European Central Bank (ECB) president Mario Draghi has unveiled a long-awaited programme to buy up bonds and help bring down the borrowing costs of Europe's struggling governments.
The plan envisions no set limit on the amount of bonds the ECB could buy, making the programme "a fully effective backstop" against a further worsening of the debt crisis in the 17 countries that use the euro.
The initiative, dubbed Outright Market Transactions, or OMT, goes beyond an earlier, limited bond-purchase programme that was not big enough to decisively lower borrowing costs.
Draghi emphasised that the new, unlimited programme by contrast was open-ended and had "no quantitative limits." He said it would work because it was "very very different from any programme we have had in the past. " The new programme would continue until its goal of lower borrowing costs is achieved, or a government violates the conditions attached to getting the help.
The ECB's actions came in response to a contraction in the Eurozone economy this year.
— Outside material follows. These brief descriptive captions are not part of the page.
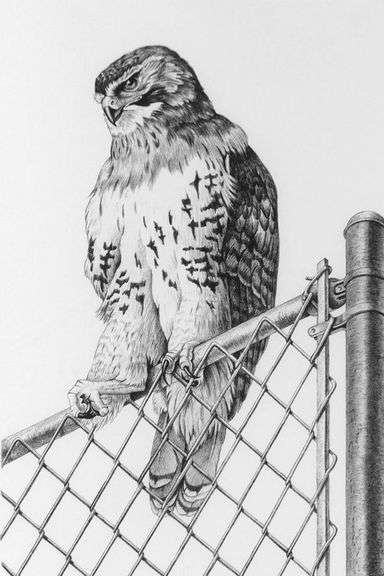 GARY LOW LITHOGRAPH & BOOK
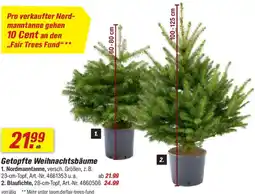 toom Baumarkt Getopfte Weihnachtsbäume Angebot
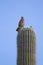 Cactus Wren, Campylorhynchus brunneicapillus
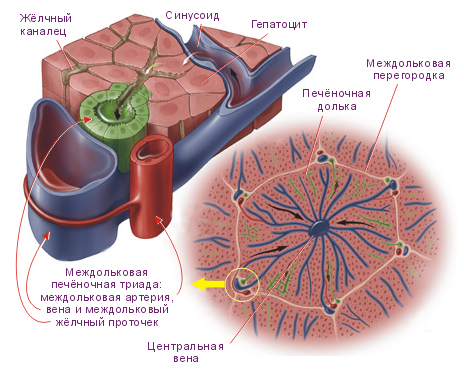 Схема строения дольки печени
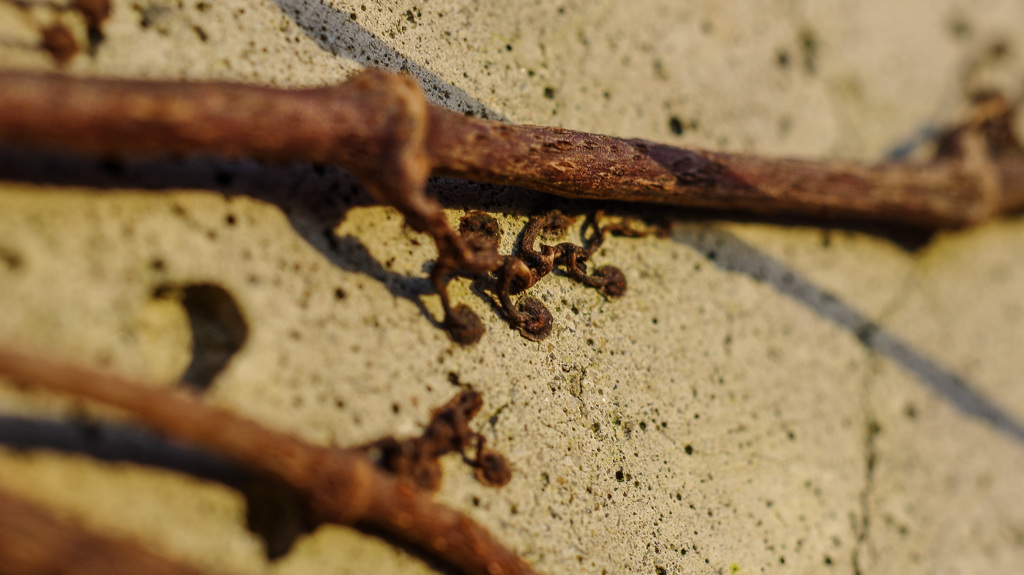 じつは、生きてます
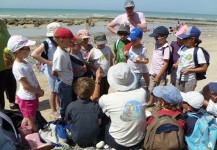 Sortie scolaire sur la plage du Tréport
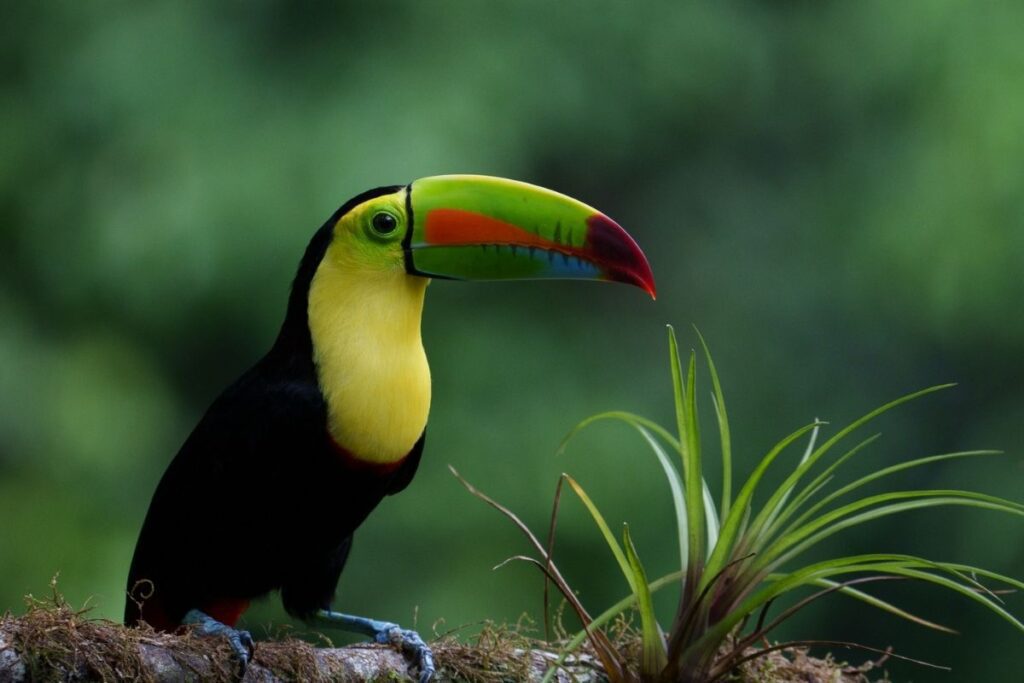 Physis Photo Tours - Costa Rica | Boca Tapada: A Photographer’s Dream in Costa Rica
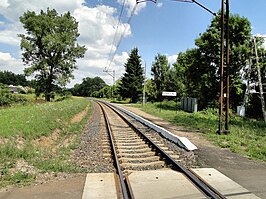 Station Lesięcin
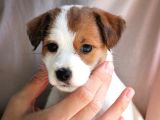 Safkan Fcı Secereli Jack Russel Terrier Yavruları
The ECB expects the Eurozone to shrink by 0.4 per cent in 2012 and grow by 0.5 per cent in 2013.
World markets remained buoyant Thursday as investors cheered the ECB's package of measures.
The euro, meanwhile, was flat at US$1.2593.
"The ECB did not disappoint in its decision to start a vast bond-purchase programme," said Marie Dimon, senior economic adviser at Ernst & Young
Bond purchases push bond prices up and interest yields down, since price and yield move in opposite directions.
Governments can then take advantage of the lower yields when they borrow. Countries must constantly borrow by selling new bonds to pay off old ones that are coming due.
If rates rise too much, it can make it impossible for the country to maintain its debt burden. That's what forced Greece, Ireland and Portugal to seek bailout loans from other Eurozone countries.
Spain and Italy are in the same difficulty now, with Spain paying more than six per cent on 10-year borrowing and Italy more than five per cent.
The fear is that they are too large to bail out, and that a failure to pay their debts could trigger financial turmoil that could break the Eurozone apart and disrupt the global economy.
Following Thursday's announcement, Spain's interest rate on its 10-year bond was down 0.3 per cent on the day at 6.09 per cent, while Italy's 10-year rate was down 0.18 per cent at 5.25 per cent.
A key feature of the OMT is that countries that want the ECB to buy their bonds must first officially ask for help from Europe's bailout funds and agree to "strict and effective" budget policy conditions.
That is to ensure they won't relax their efforts to reduce deficits once the bond purchases take the financial pressure off them.
The ECB said the International Monetary Fund - which has long experience pushing governments to stick with loan conditions - should be involved in enforcing conditions.
The ECB is prohibited from buying bonds directly from governments.
Some analysts believed the OMT programme unveiled Thursday would not solve the underlying problems in the Eurozone, however.
"Without trying to be a 'party pooper'," said Neil MacKinnon, global macro strategist at VTB Capital, "suppressed borrowing costs certainly provide relief in the short term, but do not resolve problems of solvency and debt unsustainability."
European stock markets jumped in response to Draghi's announcement. Germany's DAX gained and France's CAC-40 each rose 2.7 per cent.
The Standard & Poor's 500 index rose 24 points to 1,427 at mid-morning in New York. If the index closes above 1,419, it would be the highest close since May 2008.
The Dow Jones industrial average surged 225 points to 13,272. The Dow is now within striking distance of its closing high for the year: 13,279, reached May 1.
The Nasdaq composite jumped 53 points to 3,122.
Traders dropped US Treasury bonds, considered one of the world's safest places to stash money, and the drop in demand lifted yields. The yield on the 10-year Treasury rose to 1.66 per cent, up from 1.60 per cent late Wednesday.